What is an Examination Under Oath?

            The number one trigger that drives clients to my office is that dreaded letter from some fancy law firm, usually with lots of names at the top of the letterhead, that directs the insured to show up at a designated time and place for an “examination under oath.”   The letter usually will also request the insured to bring numerous documents with him or her to the examination under oath.  Those receiving the letter are usually frightened by the formality of it all, and then that fear turns into anger because the company they've been paying premiums to all these years is now treating them like a criminal.  My next few posts will deal with common issues and questions surrounding examinations under oath. Hopefully it will help a few insureds understand what an examination under oath is, and why, in my opinion, a request for an examination under oath should be a red flag that the insurance company believes something is afoul.

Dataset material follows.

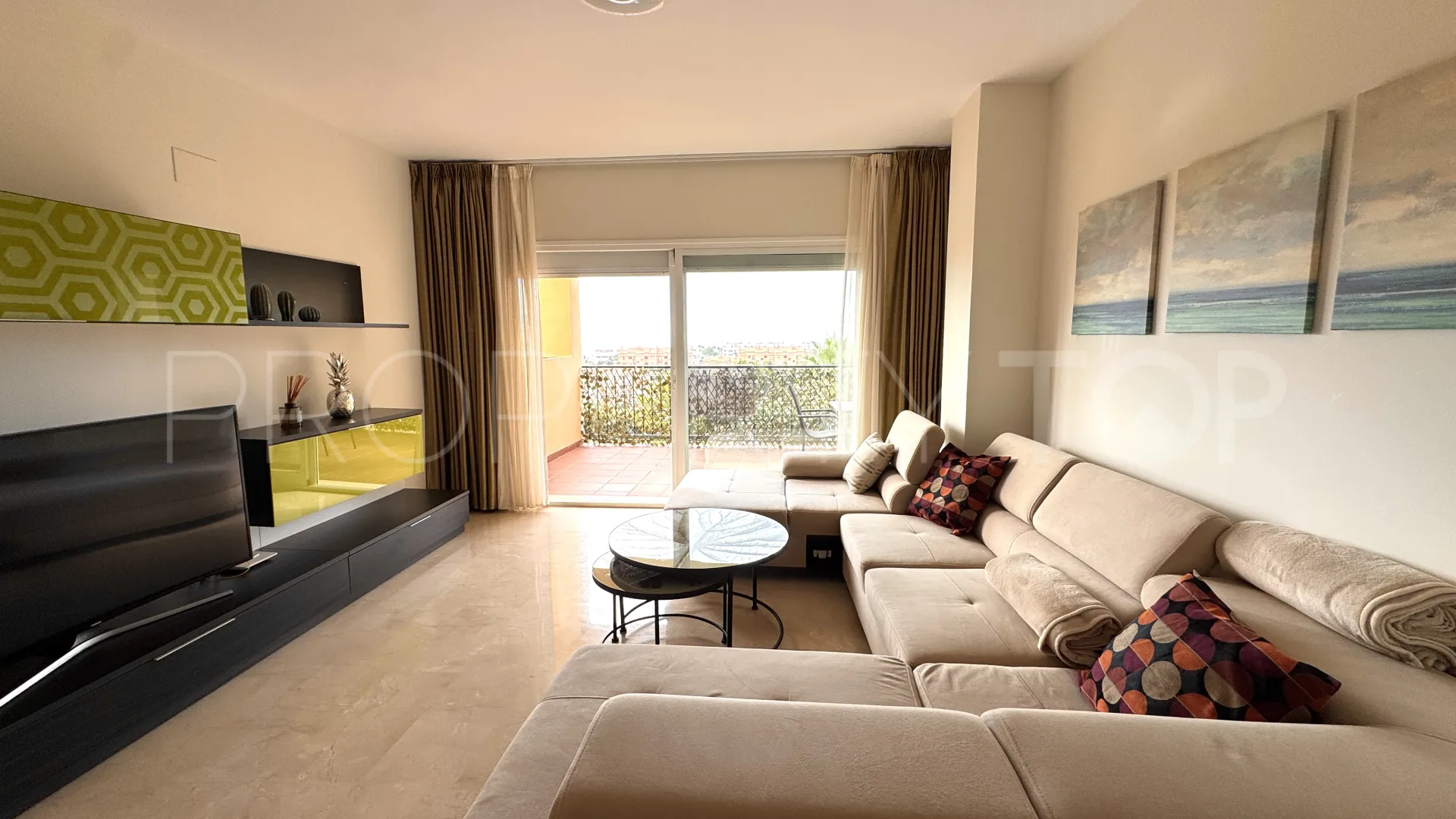 For sale apartment with 2 bedrooms in Mijas Costa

            An examination under oath, commonly referred to as an “EUO”, is a formal statement taken by the insured on issues related to the insurance claim or insurance policy at issue. EUOs are typically, although not always, conducted by an attorney representing the insurance company. A court reporter will be present, typing every question and answer verbatim. There is sometimes a videographer present as well. Examinations under oath usually last only a few hours, but I’ve been involved in a few that have taken multiple days.

            The subject matter of the questions in an EUO varies depending on the issues at hand. For example, in a fire damage case, an insured should anticipate questions about the cause and origin of the fire, the financial condition of the insured leading up to the fire (motive), the insured’s whereabouts at the time of the fire (opportunity), the nature and extent of the loss, particular items claimed to have been damaged or destroyed, and the accuracy of answers provided in the insurance application. This is just a small sampling of the multitude of pitfalls for the unwary, and an insured would be wise to seek qualified legal counsel well before appearing for the examination under oath. 

             An insurance company’s authority to take an examination under oath comes from the insurance contract, which typically contains a provision, under the section “Duties of the Insured,” that the insured must answer questions under oath when requested by the insurer. Even without such a provision, there is almost always a “duty of cooperation” provision in the policy which would also require the insured’s participation in an examination under oath. If an insured refuses, it could result in the insurance company’s denial of the claim based on its assertion that the insured breached the insurance policy by refusing to cooperate. See Spears v. Tenn. Farmers Mut. Ins. Co., 300 S.W.3d 671 (Tenn. Ct. App. 2009).

            Tennessee courts have consistently recognized an insurer’s right to take an examination under oath. See Shelter Ins. Co. v. Spence, 656 S.W.2d 36 (Tenn. Ct. App. 1983) (holding insurer was entitled under cooperation clause of policy to take sworn statement from each insured privately and out of each other’s presence); Widener v. Tenn. Farmers Mut. Ins. Co., 1995 WL 571868 (Tenn. Ct. App. 1995) (recognizing an insurer’s right to take an insured’s examination under oath); Jones v. Tenn. Farmers Mutl. Ins. Co., 2004 WL 170359, at *2 (Tenn. Ct. App. 2004).  

            Examinations under oath are certainly valid tools in an insurance company’s vast arsenal of weaponry to be used to deny claims, but there are several nuances which most insureds and many lawyers who represent them are unaware.   Over the next few posts, I’ll try to identify those to better equip those unfortunate souls who receive the dreaded letter requesting an EUO.